# How long does grease stay?



## therunbunch (Oct 5, 2009)

Ok.. dumb question maybe but I don't know. I never really saved grease drippings before but I started putting it in a jar in case I needed it for cooking or something.

I just put it in a canning jar (didn't can it.. just storing it there with the lid on it) and it's sitting in the pantry.

Are there any rules I need to know about keeping old grease? How long is it good? I feel dumb for asking but I suppose that's the only way I'll get an answer


----------



## Aseries (Feb 24, 2011)

First of all dont feel dumb asking questions, its not a dumb question. But to answer what I know it should hold up at least a few months, I keep old bacon grease in the fridge, it keeps longer as fats go rancid at room temps faster, and keep longer in the fridge.

I think most people will suggest keeping it in the fridge. 
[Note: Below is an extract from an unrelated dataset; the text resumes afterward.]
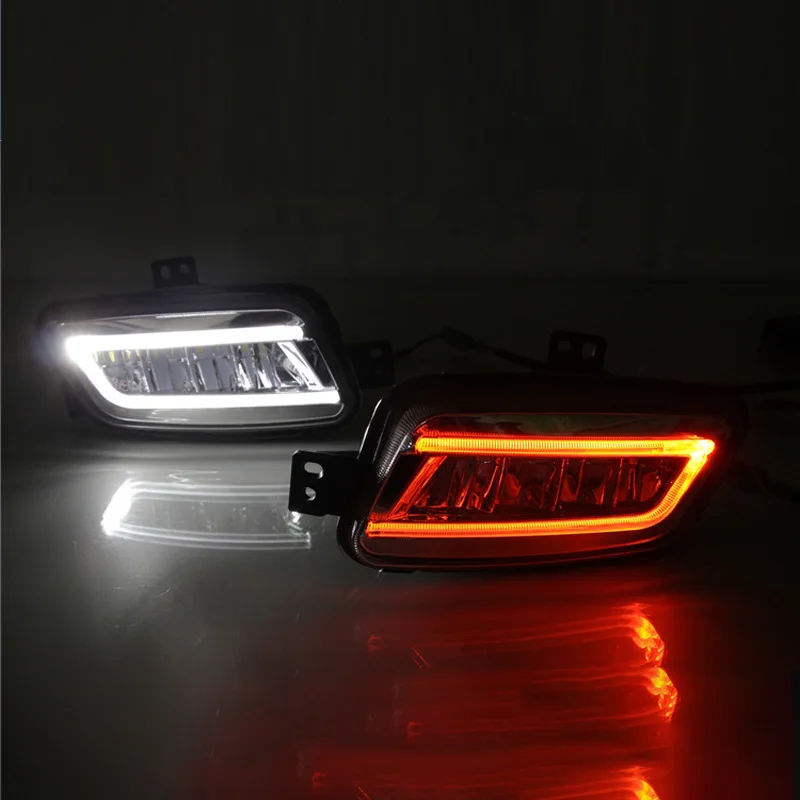 

ShenLao drl For Ford Everest 2016~2019 led Daytime Running Light DRL LED Fog Lamps Cover With Yellow Turn Signal two Functions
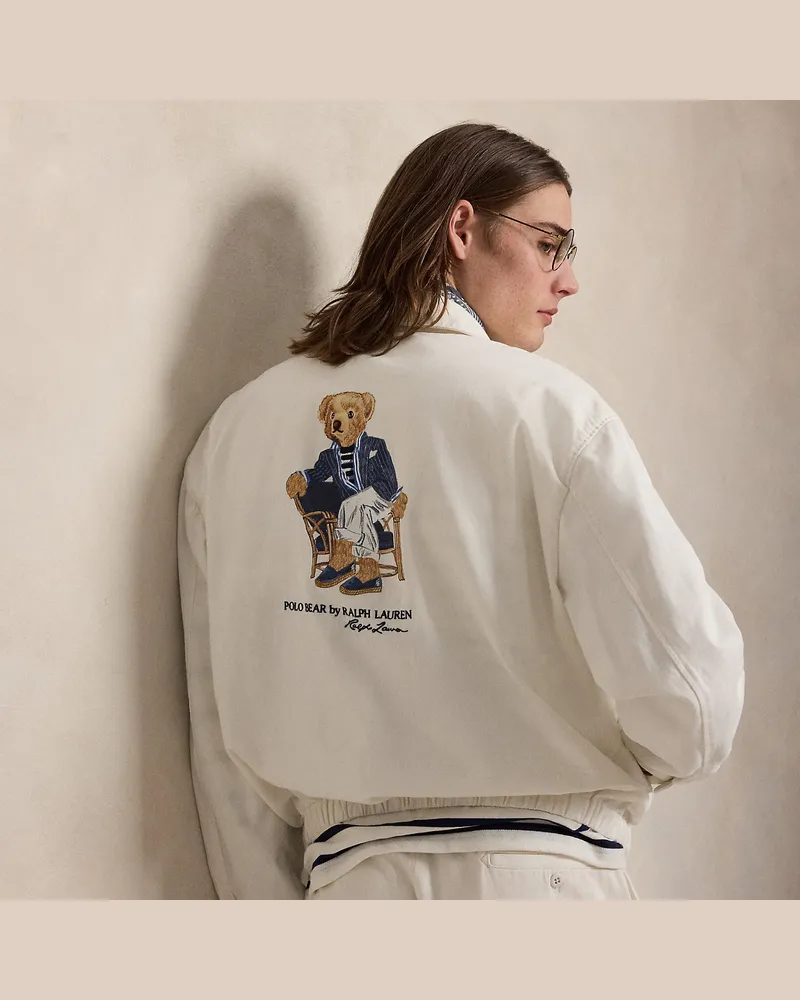 Ralph Lauren Die Big-Fit Jacke mit Polo Bear White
Dont feel dumb on here, there are alot of people on here willing to share an amazing amount of knowledge and I thank everyone of them for answering many other peoples questions. 

Have good one


----------



## PeachyLeigh (Sep 24, 2011)

The only dumb question is the one that goes unasked. :goodjob: 
I have wondered this myself, just never thought to ask here.


----------



## Navgatr (Aug 3, 2011)

We save our bacon grease and even beef tallow, too.
We put it in a jar in the fridge.
Never had any go bad, but we use it pretty regularly.
We also purchase pig fat and render lard.
We just keep the virgin lard in separate containers from the leftover.


----------



## Harry Chickpea (Dec 19, 2008)

Saturated fats keep for a long time. The key is that you want them as clean as possible or to have any "bits" so cooked that there is no moisture. Lard (pig fat) is almost 100% saturated and keeps longest - I've used clean lard bricks a year old. Cow fat (tallow) or mixed cow and pig fat (tow) is not quite as good at keeping, but you can taste to check for rancidity before using. Chicken fat (schmaltz) keeps fine refrigerated, but has a brief life at room temps.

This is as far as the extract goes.